De l’immense Sibérie aux trois pays baltes. Récit d’un candide émerveillé.

Nous arrivons en gare de Moscou, à trois, avec deux vélos. Samuel et Simon me donnent rendez-vous à la station de Métro ΗAΓOPHAR, me précisant tout de même que cela se prononce « Nagornaya ». Devant mon air un peu sceptique, ils rigolent et me disent que, quand même, j’ai déjà pris le métro dans ma vie ! Et ils filent en vélo, me laissant seul au milieu d’une foule totalement indifférente à mon sort d’européen ne connaissant rien de l’alphabet Cyrillique (qui est, me précisent-ils, assez différent de l’alphabet grec). Je descends dans les entrailles du métro moscovite, lesté de mon sac et de quelques roubles. J’essaie tant bien que mal (plutôt mal à vrai dire…) de demander un plan, qu’une employée du Métro me tend sans explication :

« débrouille-toi avec ça », me dis-je…

Trente minutes plus tard, je ressors victorieux, à l’air libre, dans une toute autre partie de la ville. Evidemment, j’avais rencontré sur mon chemin sous-terrain quelques personnes qui m’avaient aidé, et toutes les stations sont annoncées en russe et en anglais.

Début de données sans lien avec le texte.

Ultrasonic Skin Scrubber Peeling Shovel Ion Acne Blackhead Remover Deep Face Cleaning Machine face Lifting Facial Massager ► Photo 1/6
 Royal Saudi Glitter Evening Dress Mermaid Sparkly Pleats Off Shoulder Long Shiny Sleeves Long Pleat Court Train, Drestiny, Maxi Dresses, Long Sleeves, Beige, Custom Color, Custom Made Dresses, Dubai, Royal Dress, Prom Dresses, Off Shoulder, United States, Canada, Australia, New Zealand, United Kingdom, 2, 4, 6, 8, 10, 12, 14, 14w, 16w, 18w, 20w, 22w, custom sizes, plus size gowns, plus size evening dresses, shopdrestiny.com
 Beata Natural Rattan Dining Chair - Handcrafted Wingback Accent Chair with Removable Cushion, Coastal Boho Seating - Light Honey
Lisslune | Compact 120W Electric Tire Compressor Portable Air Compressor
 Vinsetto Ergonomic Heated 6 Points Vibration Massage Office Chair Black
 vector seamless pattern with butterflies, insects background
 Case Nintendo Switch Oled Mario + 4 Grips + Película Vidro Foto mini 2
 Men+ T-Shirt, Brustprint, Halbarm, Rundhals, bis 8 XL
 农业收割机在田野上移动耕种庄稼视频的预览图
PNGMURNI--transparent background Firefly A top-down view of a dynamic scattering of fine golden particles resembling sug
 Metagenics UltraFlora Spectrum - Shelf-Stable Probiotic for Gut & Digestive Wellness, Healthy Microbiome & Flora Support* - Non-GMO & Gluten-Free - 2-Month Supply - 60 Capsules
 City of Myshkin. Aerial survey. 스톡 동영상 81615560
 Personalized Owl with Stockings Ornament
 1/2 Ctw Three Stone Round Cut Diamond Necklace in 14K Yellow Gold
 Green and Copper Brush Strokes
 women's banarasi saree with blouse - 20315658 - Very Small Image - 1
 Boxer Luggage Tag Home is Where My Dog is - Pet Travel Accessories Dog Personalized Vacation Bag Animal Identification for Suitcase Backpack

Trois minutes plus tard, mes deux fils arrivent sur leurs vélos. Premier moment d’autonomie passé avec succès !

« Maintenant, on va chez notre hôte Warmshower », me disent-ils le plus naturellement du monde. Se repérer dans le Métro, c’est déjà compliqué, mais comment allons-nous faire pour trouver un appartement dans une ville aussi grande que Moscou, sans plan, et sans connexion Internet ??

C’est facile, il y a Maps.me ! Il s’agit donc d’une application, avec laquelle on peut télécharger gratuitement des cartes du monde entier, et l’utiliser en dehors de tout réseau internet, à la condition d’avoir un GPS. Avec cette application, nous ne serons jamais perdus.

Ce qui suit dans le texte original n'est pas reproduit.